Work to be completed – The response should be the lines of the data, starting at the first and ending at the one that contains "Vince Camuto Women's", copied without change.

[Collected data entries]
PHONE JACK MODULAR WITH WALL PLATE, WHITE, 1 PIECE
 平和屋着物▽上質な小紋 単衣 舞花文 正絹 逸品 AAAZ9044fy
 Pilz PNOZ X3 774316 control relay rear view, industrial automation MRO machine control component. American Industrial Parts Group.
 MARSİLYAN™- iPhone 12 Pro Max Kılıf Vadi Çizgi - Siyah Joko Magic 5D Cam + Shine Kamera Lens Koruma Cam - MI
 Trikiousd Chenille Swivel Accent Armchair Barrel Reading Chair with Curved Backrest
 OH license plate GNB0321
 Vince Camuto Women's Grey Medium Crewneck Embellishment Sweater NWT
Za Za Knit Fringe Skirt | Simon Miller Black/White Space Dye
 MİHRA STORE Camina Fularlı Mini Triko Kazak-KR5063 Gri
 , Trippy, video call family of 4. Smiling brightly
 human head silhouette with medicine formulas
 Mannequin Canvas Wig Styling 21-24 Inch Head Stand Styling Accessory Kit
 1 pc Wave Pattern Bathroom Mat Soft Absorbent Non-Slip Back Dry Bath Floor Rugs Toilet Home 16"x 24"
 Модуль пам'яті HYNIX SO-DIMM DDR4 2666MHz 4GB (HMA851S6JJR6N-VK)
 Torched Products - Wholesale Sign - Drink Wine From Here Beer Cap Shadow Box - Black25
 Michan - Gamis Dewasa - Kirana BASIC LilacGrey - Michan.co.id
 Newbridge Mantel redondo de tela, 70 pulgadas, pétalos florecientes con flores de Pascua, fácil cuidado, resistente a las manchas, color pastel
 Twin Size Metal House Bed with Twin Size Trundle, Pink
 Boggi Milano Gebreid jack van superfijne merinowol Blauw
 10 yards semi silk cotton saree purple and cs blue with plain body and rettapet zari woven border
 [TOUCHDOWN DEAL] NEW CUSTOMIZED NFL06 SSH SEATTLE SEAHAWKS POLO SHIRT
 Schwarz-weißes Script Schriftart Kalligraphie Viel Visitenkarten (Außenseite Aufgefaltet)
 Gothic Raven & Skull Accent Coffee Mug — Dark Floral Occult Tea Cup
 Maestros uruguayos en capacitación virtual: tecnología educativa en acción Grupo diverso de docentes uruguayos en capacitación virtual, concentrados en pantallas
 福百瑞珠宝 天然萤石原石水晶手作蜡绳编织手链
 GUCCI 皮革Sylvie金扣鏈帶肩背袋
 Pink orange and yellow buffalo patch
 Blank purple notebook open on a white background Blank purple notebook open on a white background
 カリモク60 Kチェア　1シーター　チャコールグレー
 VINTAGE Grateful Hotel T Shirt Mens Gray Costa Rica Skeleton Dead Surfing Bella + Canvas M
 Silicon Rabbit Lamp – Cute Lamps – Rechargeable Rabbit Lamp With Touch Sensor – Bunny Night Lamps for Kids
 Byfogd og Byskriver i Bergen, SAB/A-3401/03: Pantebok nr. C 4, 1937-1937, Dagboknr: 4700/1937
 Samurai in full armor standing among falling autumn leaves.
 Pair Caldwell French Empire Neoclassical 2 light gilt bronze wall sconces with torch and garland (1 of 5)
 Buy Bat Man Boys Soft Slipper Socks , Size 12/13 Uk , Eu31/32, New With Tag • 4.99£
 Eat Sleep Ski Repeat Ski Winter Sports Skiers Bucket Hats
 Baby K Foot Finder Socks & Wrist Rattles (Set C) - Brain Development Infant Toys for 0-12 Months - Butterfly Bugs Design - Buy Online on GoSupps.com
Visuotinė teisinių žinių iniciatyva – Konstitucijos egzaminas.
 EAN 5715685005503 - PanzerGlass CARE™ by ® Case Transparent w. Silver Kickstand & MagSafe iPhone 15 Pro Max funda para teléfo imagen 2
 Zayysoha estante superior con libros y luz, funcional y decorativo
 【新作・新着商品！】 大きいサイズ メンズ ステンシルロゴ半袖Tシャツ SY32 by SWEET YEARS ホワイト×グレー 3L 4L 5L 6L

Solution to this exercise –
PHONE JACK MODULAR WITH WALL PLATE, WHITE, 1 PIECE
 平和屋着物▽上質な小紋 単衣 舞花文 正絹 逸品 AAAZ9044fy
 Pilz PNOZ X3 774316 control relay rear view, industrial automation MRO machine control component. American Industrial Parts Group.
 MARSİLYAN™- iPhone 12 Pro Max Kılıf Vadi Çizgi - Siyah Joko Magic 5D Cam + Shine Kamera Lens Koruma Cam - MI
 Trikiousd Chenille Swivel Accent Armchair Barrel Reading Chair with Curved Backrest
 OH license plate GNB0321
 Vince Camuto Women's Grey Medium Crewneck Embellishment Sweater NWT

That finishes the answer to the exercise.